[EXERCISE MATERIALS — start]

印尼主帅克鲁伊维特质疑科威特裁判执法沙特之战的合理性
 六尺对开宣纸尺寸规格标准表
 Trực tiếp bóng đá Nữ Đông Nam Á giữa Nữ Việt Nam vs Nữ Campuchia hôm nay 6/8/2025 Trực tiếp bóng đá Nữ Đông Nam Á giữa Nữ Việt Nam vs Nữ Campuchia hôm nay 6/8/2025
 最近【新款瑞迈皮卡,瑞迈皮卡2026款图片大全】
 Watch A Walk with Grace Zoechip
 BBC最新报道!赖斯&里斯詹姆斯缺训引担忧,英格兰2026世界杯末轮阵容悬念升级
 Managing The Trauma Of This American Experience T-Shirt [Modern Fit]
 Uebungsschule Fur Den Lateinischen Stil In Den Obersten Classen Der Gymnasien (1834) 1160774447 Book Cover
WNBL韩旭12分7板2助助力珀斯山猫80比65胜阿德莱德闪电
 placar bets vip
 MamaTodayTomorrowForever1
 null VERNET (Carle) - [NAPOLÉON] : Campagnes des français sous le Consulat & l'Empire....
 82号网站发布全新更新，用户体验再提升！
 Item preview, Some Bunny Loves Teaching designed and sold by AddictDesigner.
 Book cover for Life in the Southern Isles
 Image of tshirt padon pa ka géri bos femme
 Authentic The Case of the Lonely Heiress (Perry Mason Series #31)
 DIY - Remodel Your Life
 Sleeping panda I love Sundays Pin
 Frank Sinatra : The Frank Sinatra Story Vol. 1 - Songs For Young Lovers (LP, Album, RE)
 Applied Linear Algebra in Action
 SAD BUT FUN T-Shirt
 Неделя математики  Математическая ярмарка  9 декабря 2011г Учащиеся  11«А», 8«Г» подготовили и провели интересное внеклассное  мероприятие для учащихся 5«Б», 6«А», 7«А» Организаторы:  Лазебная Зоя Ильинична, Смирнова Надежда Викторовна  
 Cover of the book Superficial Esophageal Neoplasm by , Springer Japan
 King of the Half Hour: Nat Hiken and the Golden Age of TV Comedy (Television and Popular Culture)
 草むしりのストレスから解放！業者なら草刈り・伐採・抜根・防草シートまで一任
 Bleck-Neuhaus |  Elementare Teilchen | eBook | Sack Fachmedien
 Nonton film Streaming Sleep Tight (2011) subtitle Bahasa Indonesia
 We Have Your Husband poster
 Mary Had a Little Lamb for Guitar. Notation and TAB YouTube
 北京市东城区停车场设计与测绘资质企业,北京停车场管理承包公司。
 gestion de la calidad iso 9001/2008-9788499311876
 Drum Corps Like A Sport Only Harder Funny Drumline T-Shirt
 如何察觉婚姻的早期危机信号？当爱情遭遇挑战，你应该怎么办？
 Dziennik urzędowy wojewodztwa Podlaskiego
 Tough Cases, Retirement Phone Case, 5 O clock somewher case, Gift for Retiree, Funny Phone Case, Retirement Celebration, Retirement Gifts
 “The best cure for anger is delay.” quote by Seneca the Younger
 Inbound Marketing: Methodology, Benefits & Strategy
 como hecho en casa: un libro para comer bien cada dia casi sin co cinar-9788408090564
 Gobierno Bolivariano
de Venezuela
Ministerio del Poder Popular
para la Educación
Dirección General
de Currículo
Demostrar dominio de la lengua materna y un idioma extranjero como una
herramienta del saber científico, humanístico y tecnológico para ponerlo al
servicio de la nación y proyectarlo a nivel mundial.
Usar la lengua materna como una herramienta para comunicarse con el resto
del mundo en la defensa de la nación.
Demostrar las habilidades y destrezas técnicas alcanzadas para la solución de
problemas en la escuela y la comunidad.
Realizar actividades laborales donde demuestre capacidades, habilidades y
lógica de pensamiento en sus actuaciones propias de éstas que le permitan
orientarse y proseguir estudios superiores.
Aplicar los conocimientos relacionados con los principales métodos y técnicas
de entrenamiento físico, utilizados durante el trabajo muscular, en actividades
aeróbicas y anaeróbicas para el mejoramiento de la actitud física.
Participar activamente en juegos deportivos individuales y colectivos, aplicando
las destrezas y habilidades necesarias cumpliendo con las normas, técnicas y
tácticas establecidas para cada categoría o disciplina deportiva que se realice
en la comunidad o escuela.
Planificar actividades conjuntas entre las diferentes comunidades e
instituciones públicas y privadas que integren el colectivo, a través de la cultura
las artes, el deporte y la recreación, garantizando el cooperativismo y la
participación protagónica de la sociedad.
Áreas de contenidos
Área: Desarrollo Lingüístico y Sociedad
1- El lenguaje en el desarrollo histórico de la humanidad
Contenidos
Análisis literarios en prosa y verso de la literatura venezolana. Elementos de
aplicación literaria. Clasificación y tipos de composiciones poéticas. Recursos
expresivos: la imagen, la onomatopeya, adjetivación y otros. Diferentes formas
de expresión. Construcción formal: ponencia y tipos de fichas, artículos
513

[EXERCISE MATERIALS — finish]

● **TASK TO CARRY OUT**
Look through the entries above. Copy out every line holding the word "técnicas".

● **EXPECTED ANSWER**
Demostrar las habilidades y destrezas técnicas alcanzadas para la solución de
Aplicar los conocimientos relacionados con los principales métodos y técnicas
las destrezas y habilidades necesarias cumpliendo con las normas, técnicas y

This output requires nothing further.